No. This can't be it.

"Sura! Wake up! Sura!" I squeezed her hand as I hoped for a reaction. A reaction like "you're hurting me" or "I'm fine" but none came out. No reaction was seen.

Her mouth became motionless as she wasn't gasping for air anymore. Sura was sputtering out words and her chest was deflating and inflating with difficulty.

It just stopped.

Suddenly, the ambulance came to a dramatic brake. Two men immediately opened the back of the ambulance with aggressive force.

"Sura!" I shouted as they wheeled her out of the ambulance with consistency and agility.

I jumped out of the ambulance, catching up with Sura. I tried holding onto her hand but it kept slipping out of mine like butter.

Her hands weren't warm anymore. They lost their snug comfort.

"Sura!" I begged as she didn't respond with a movement nor words of reaction.

"Please! Sura! Wake up!"

The people were running through the hospital's walls while dragging the bed with them. They exchanged panicked words of Sura's condition as they observed her state.

The nurses passed through the emergency doors, leaving me out and blocked from Sura. The doors shut behind them as the air was released to my face.

The sudden realization finally struck me.

This is it.

I lost her.

Sura. I lost my daughter.

My precious daughter.

I collapsed onto the marble floor as my legs gave up below me. I planted my face into the palms of my hand as the pain struck my head next.

I lost someone who was more important than my own life. Someone who I wanted to pour all of my love into. Someone who I wanted to care for and protect.

Someone who I loved.

And now I can't. I can't do any of that.

All of it just disappeared. Like it never existed.

CLING

A sudden noise dropped onto the marble floor, interrupting my thoughts.

I opened my eyes to see a white seashell lying right in front of my knees.

The seashell from the beach.

The one Sura gave me.

I gently picked up the artifact that was so dear to me.

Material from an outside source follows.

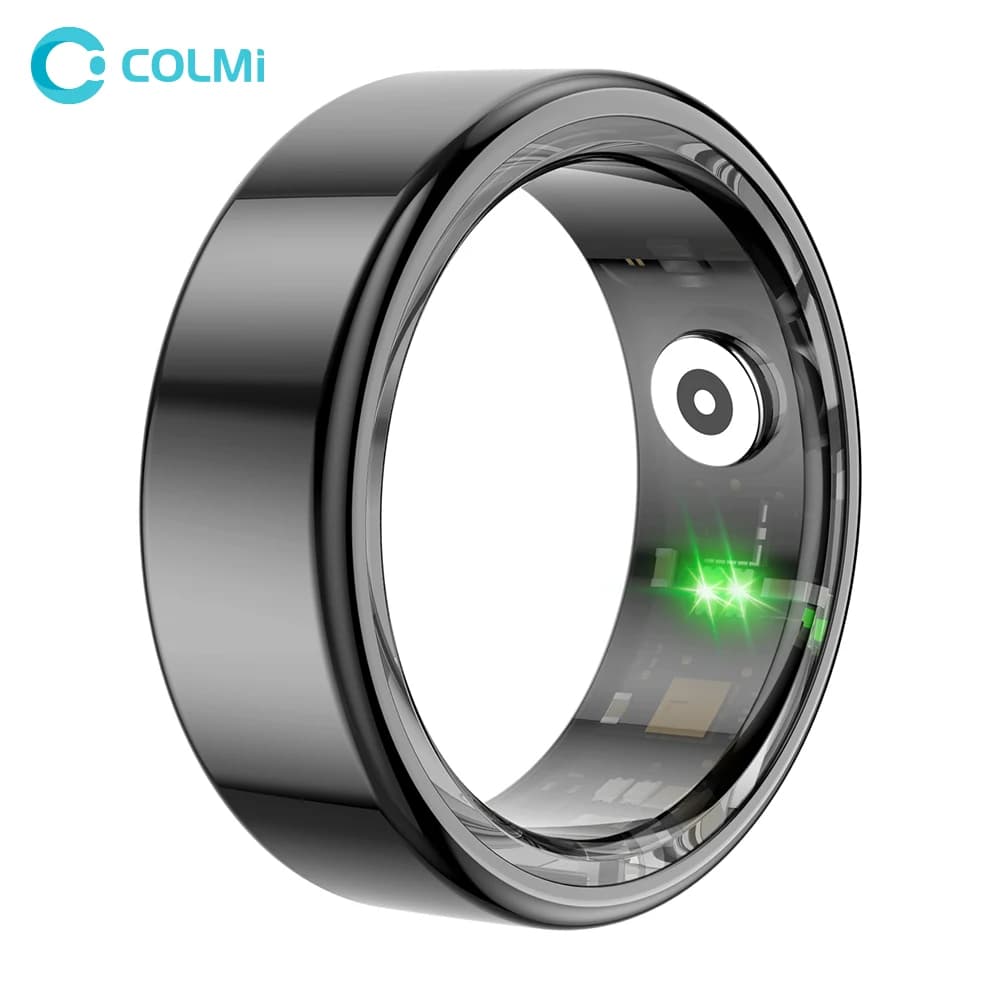 [2024] COLMI R02 Smart Ring Military Grade Titanium Steel Shell Health Monitor Waterproof Multi-sport Mode IP68 and 5ATM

The memories started flooding in with no warning. All of it overwhelmed me as the seashell triggered the invasion of memories.

The time when we first adopted Sura. The scared look on her face as she faced such an uncertain situation.

The first time we brought her to school. The way she tightly held onto my hand as she shivered with fear and anxiety.

That time we went to the beach. The day she collected seashells for all the members. Her face filled with embarrassment as everyone was fill with joy and excitement.

All in a couple months, I met someone who I loved so deeply. Now in just a couple months, she was taken away from me. So soon.

This isn't fair. Why is this happening to me?

It's cruel. It's painful. It's suffocating.

I held the seashell close to my chest as I sobbed uncontrollably. I crouched my body around the shell, protecting it from the reality of the current situation.

"Sura!"

The walls echoed back my cry while they watched helplessly. The soft hum of the air conditioning silently filled the halls.

"Why? Why did you have to go like this?"

I begged as the tears spilled onto the smooth floor.

"Why now! Why!"

God, what am I gonna do now? Please. Please, let there be a miracle. I'll do anything. I'll give up my own life. She has too much ahead of her.

I didn't give her enough yet. She deserves more. More than the whole world.

Please.

"Seungcheol!"

I turned my back to face such a familiar voice.

"Sura?"

Sura was running towards me, bringing the light with her. Her hair moving perfectly with the air as she tried to catch her breath. She immediately lit up the dull hospital with her illuminate vibe.

Sura?

"Seungcheol!"

I felt a sudden shove on my shoulders.

In a blink of an eye, Sura was gone. There was no more light. No sign of her left.

Instead, I saw Jeonghan kneeling down over me. He eyed me worryingly as he had a hand on my shoulder. Jeonghan was shaking my shoulder as he tried to gain my conscience.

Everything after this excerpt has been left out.